** EXERCISE PROMPT **
Word for word, give the data again without its pictures.

··· DATASET EXCERPT ···

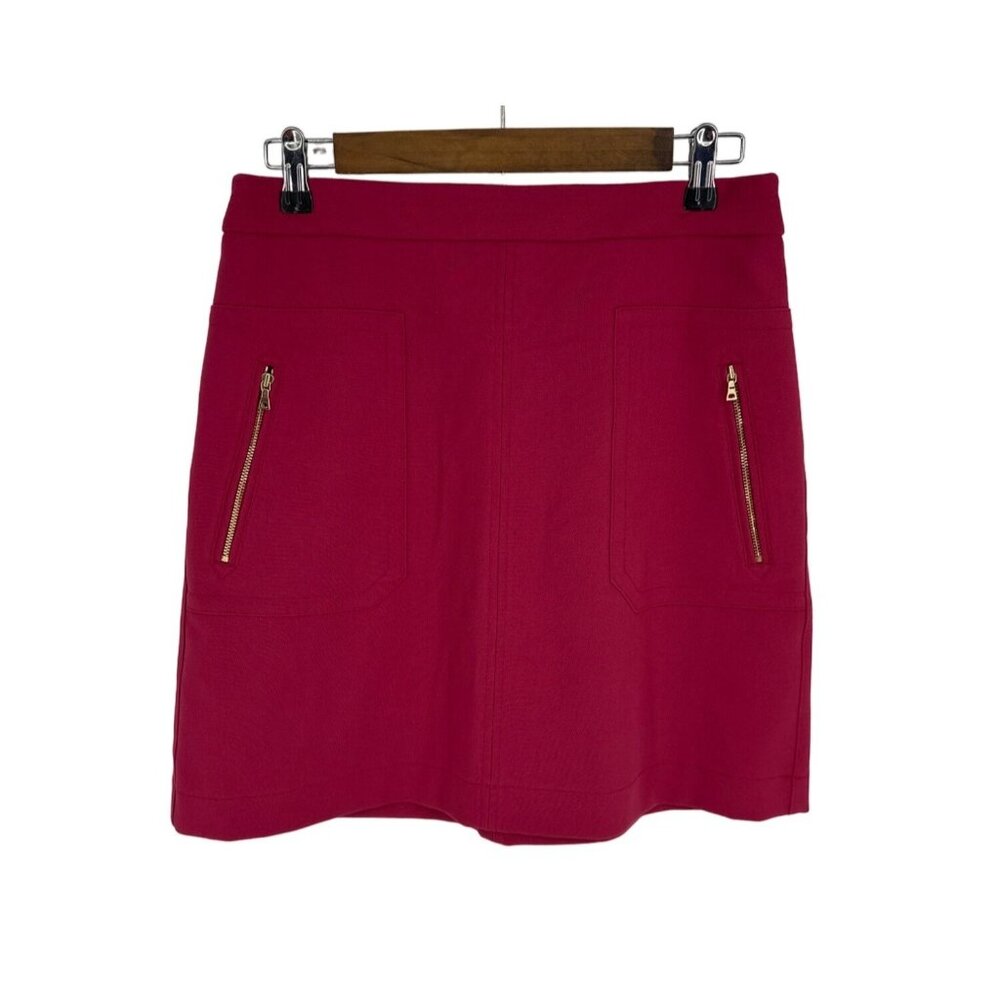 LOFT Magenta Gold Zipper Pocket A Line Skirt Size 4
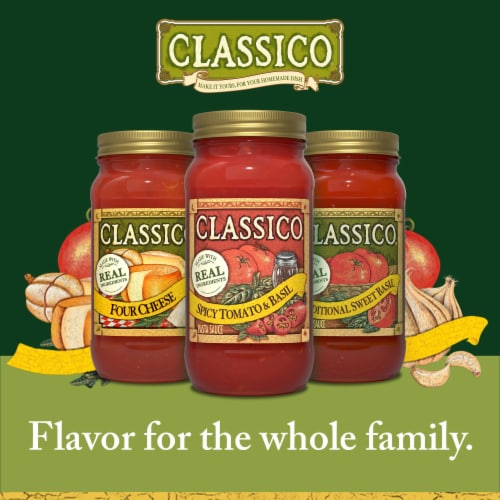 Classico Spicy Tomato & Basil Spaghetti Pasta Sauce Perspective: top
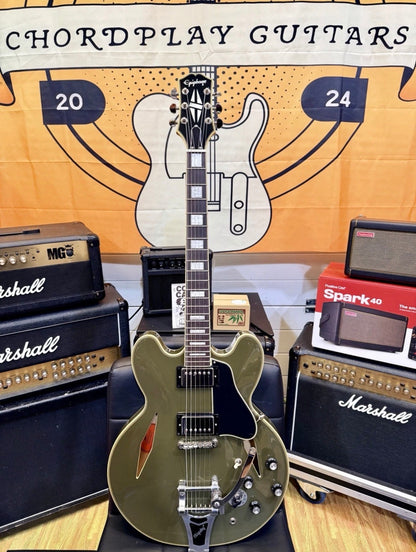 ⚡️2023⚡️ Epiphone Shinichi Ubukata ES-355 Olive Drab~ Inspired By Gibson Custom!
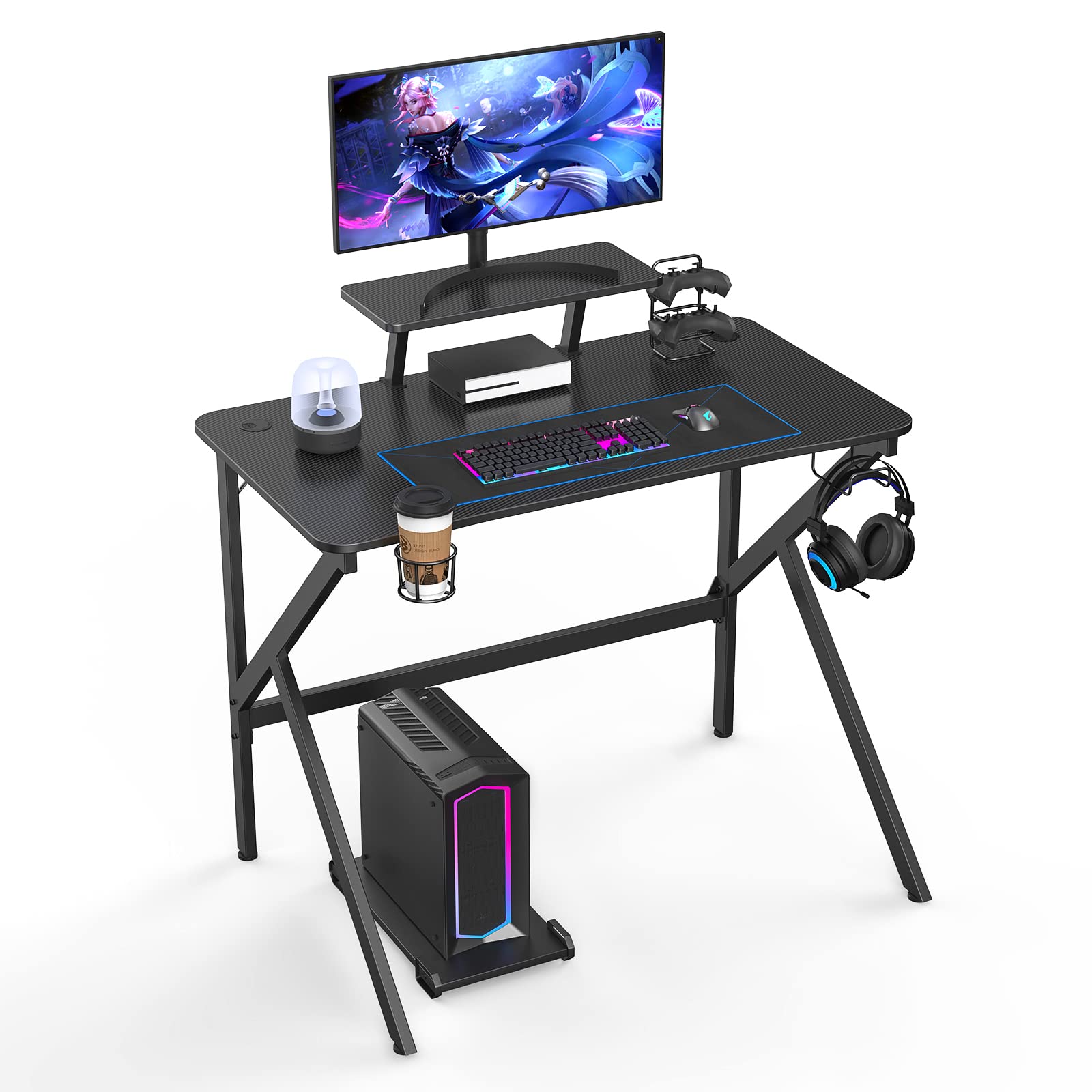 Mesa de juegos, Mesa para Ordenador, Escritorio para Videojuegos Ergonómicos, Juego con Portavasos, Gancho para Auriculares y Soporte de Altura Extraíble (100 x 55 x 75 cm, Negro)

···

** TASK SOLUTION **
 LOFT Magenta Gold Zipper Pocket A Line Skirt Size 4
 Classico Spicy Tomato & Basil Spaghetti Pasta Sauce Perspective: top
 ⚡️2023⚡️ Epiphone Shinichi Ubukata ES-355 Olive Drab~ Inspired By Gibson Custom!
 Mesa de juegos, Mesa para Ordenador, Escritorio para Videojuegos Ergonómicos, Juego con Portavasos, Gancho para Auriculares y Soporte de Altura Extraíble (100 x 55 x 75 cm, Negro)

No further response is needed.